Saman Abbas, cugini contestano ergastolo per omicidio in Cassazione
Cugini di Saman Abbas depositano ricorsi in Cassazione contro condanna all’ergastolo

Saman Abbas, diciottenne di Novellara assassinata e sepolta il 1° maggio 2021, ha visto i cugini Ikram Ijaz e Noman Ul Haq depositare ricorsi in Cassazione contro la condanna all’ergastolo emessa in secondo grado. I due uomini, inizialmente assolti in primo grado, sono stati riconosciuti responsabili di omicidio e soppressione di cadavere con aggravanti di premeditazione e motivi abietti. La sentenza di secondo grado, emessa a aprile, ha confermato la condanna all’ergastolo anche per i cugini, contrariamente al verdetto iniziale.
Contestazione delle aggravanti e della partecipazione
I ricorsi, presentati dalle difese dei cugini, contestano in particolare l’aggravante della premeditazione e la partecipazione effettiva dei due uomini nell’omicidio. Gli avvocati Mariagrazia Petrelli e Luigi Scarcella sostengono che la sentenza di secondo grado non si basa su una valutazione imparziale del compendio probatorio, ma su una lettura selettiva e confermativa, costruita a partire da un pregiudizio preesistente. La difesa sostiene che la sentenza non è una verifica, ma una dimostrazione a posteriori della tesi assunta fin dall’inizio.
La famiglia e le condanne definitive
La famiglia di Saman Abbas, composta da genitori Shabbar Abbas e Nazia Shaheen, è stata condannata all’ergastolo per l’omicidio e la soppressione del cadavere. Le aggravanti della premeditazione e dei motivi abietti sono state ritenute sussistenti. Lo zio Danish Hasnain, che ha trovato il corpo della ragazza in una fossa un anno e mezzo dopo l’omicidio, ha visto la sua pena aumentata da 14 a 22 anni. In primo grado, lo zio aveva beneficiato di uno sconto di un terzo della pena grazie alla richiesta di rito abbreviato.

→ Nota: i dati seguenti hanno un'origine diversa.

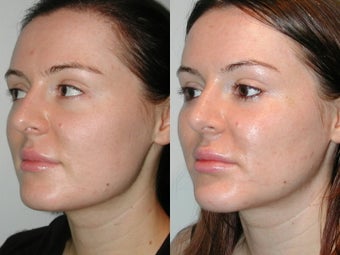 28 Year Old Female with Cheek and Chin Implants after 1077179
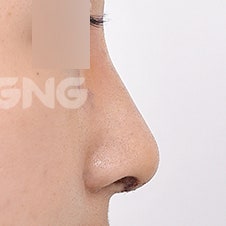 무보형물코성형 비용과 수술 방법 상세 가이드 사진 10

Le difese dei genitori e dello zio hanno depositato ricorsi alla Corte suprema, con l’assistenza rispettivamente degli avvocati Sheila Foti e Simone Servillo per i genitori, e Liborio Cataliotti per lo zio. I ricorsi presentati dai cugini sono otto, e riguardano principalmente l’interpretazione delle prove e la mancanza di una valutazione imparziale. La famiglia di Saman Abbas, in particolare i genitori, ha visto confermate le condanne definitive, con l’ergastolo come pena massima per l’omicidio e la soppressione del cadavere.
La vicenda di Saman Abbas, assassinata per aver rifiutato un matrimonio combinato e aver frequentato un altro ragazzo, rappresenta un caso drammatico di violenza familiare e premeditata. La sentenza di Cassazione, se confermata, potrebbe portare a condanne definitive per tutti i membri della famiglia coinvolti, con l’ergastolo come conseguenza per alcuni. La difesa dei cugini, tuttavia, continua a contestare l’interpretazione delle prove e la mancanza di un’analisi obiettiva.
La sentenza di secondo grado ha riformato il verdetto iniziale, riconoscendo la responsabilità dei cugini per omicidio e soppressione di cadavere. La difesa sostiene che la sentenza non rispetti i principi di imparzialità e di valutazione obiettiva delle prove. La famiglia di Saman Abbas, in particolare i genitori, ha visto confermate le condanne definitive, con l’ergastolo come pena massima per l’omicidio e la soppressione del cadavere.